C’est ici que la figure du leader prend toute son importance. Par les affects qu’il diffuse et, paradoxalement, par la singularité qu’il incarne, le leader est en mesure de représenter le « nous » dans sa pluralité et de transcender ses contradictions.
Là encore, les leaderships péquiste et solidaire sont à l’opposé. Remisant les accents tribunitiens de 2012, GND a adopté le profil typique du politicien contemporain, où une maîtrise technique impeccable semble corsetée par des lignes de communication livrées sans supplément d’âme. À l’opposé, PSPP a une expression moins policée, voire improvisée, laissant percer de vrais efforts de vulgarisation, ce qui lui confère une forte authenticité.
En parallèle, le chef péquiste allie des traits ayant fait le succès des grandes figures indépendantistes : la fougue et l’audace de Bourgault, le ton modéré et l’émotion de Lévesque, la détermination et la radicalité concrète de Parizeau.
Quelle suite ?
En somme, Laclau et Mouffe nous enseignent que pour réussir, une force politique transformatrice a besoin d’une stratégie cohérente avec ses ambitions. C’est l’erreur qu’a faite QS. En associant une stratégie classique à un programme qui ne l’est pas, les solidaires ont limité la portée géographique et sociale de leur action, renonçant à construire une volonté collective.

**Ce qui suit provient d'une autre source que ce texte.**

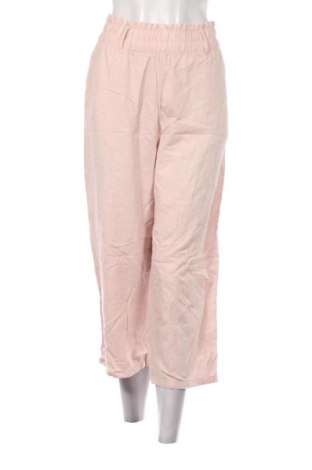 Damskie spodnie H&M Divided, Rozmiar S, Kolor Różowy, Cena 39,99 zł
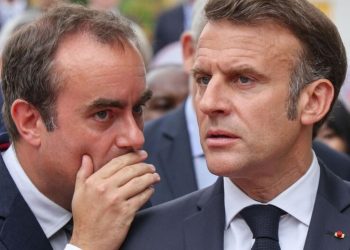 Pas dorëheqjes së tij nga posti, Macron ka riemëruar Sebastien Lecornu si kryeministër të Francës.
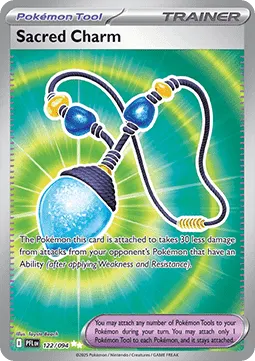 Sacred Charm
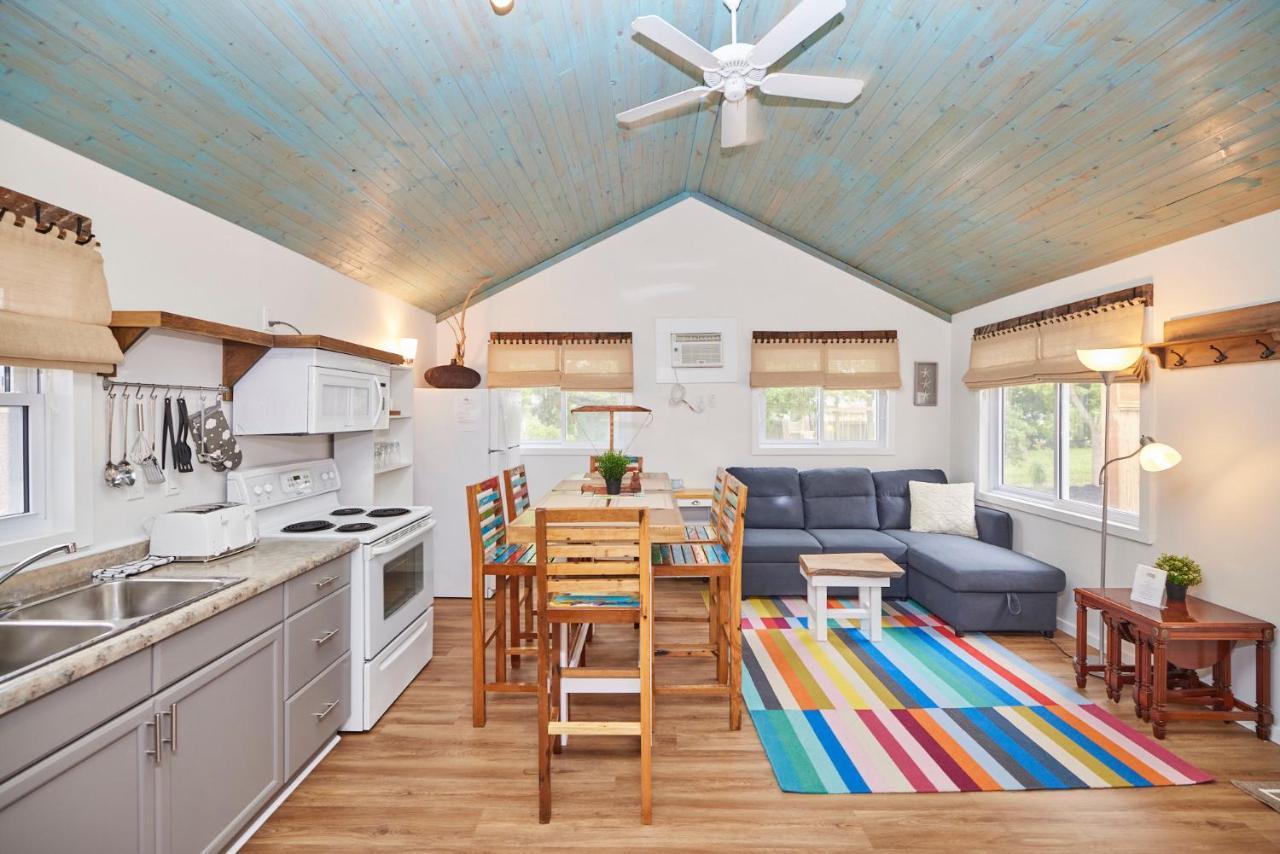 Lake Haven Beach Resort Wainfleet Extérieur photo
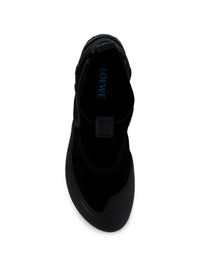 Loewe Men Grip Aqua Sneakers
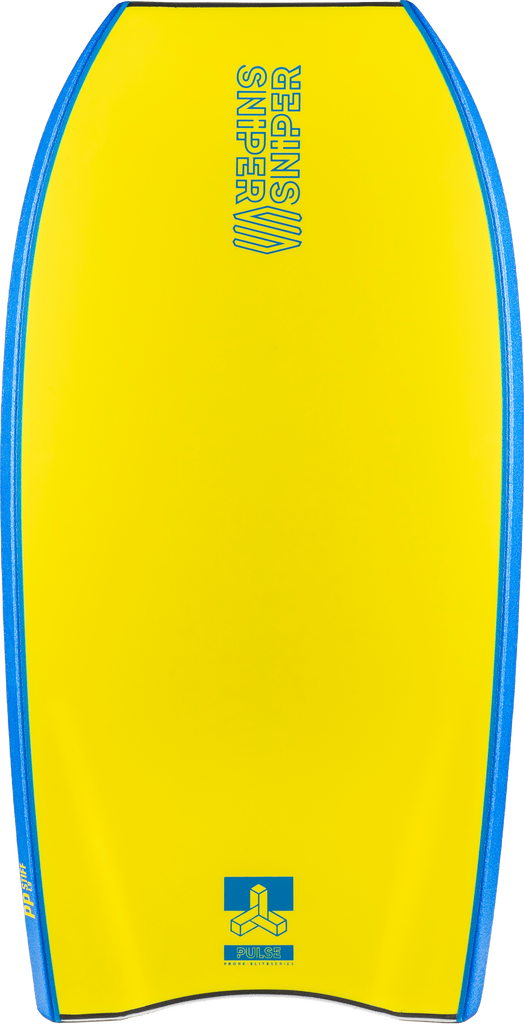 Pulse PP Stiff Canarias - Elite Series Bodyboard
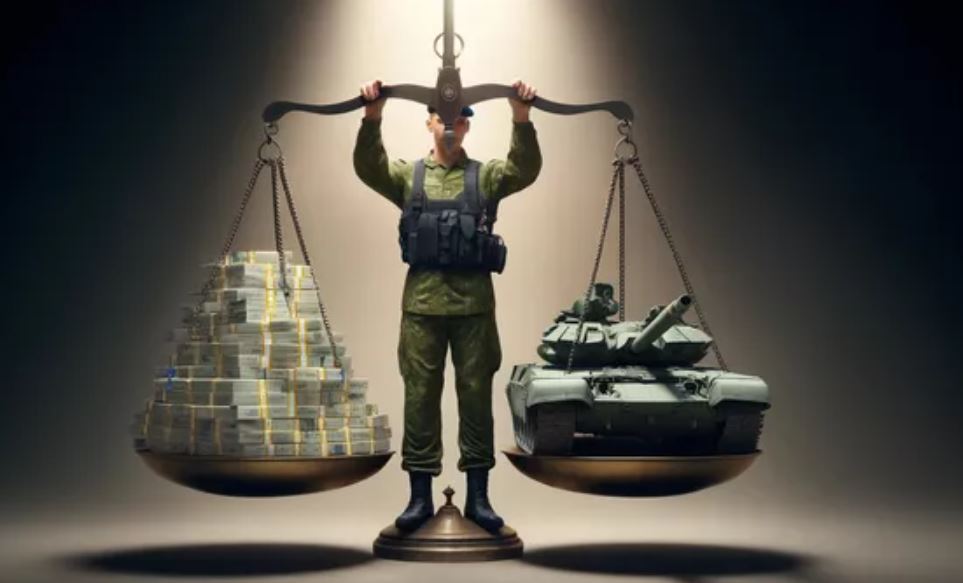Скупить на корню: плен за деньги в разы ускорит поражение ВСУ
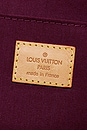 view 5 of 9 BOLSO LOUIS VUITTON in Purple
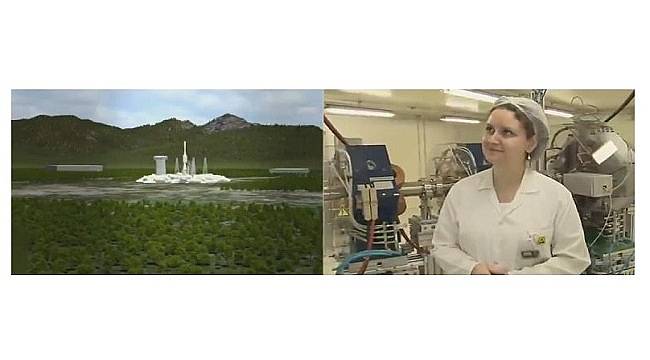 Particle Radiation Tests Creation Laboratory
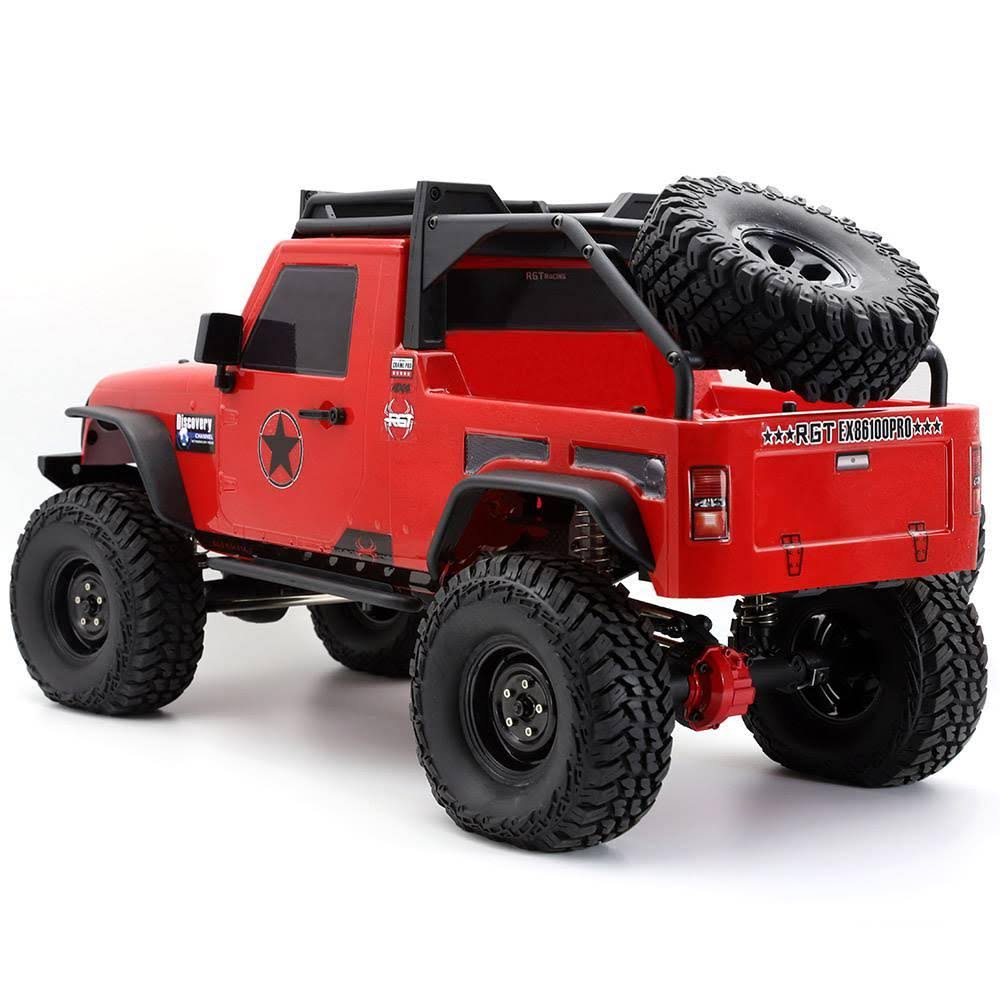 1/10 4WD RC Climbing Rock Crawler H7011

À l’inverse, la stratégie d’équivalence des péquistes se révèle un succès, parce qu’elle est en phase avec leurs ambitions politiques et parce qu’elle s’adresse à la société dans son ensemble. Laclau et Mouffe feraient cependant une mise en garde : un projet contre-hégémonique ne peut se contenter de gagner des élections. Même porté au gouvernement, il doit s’élargir sans cesse pour transformer les votes en une vision du monde ancrée dans les défis de l’époque.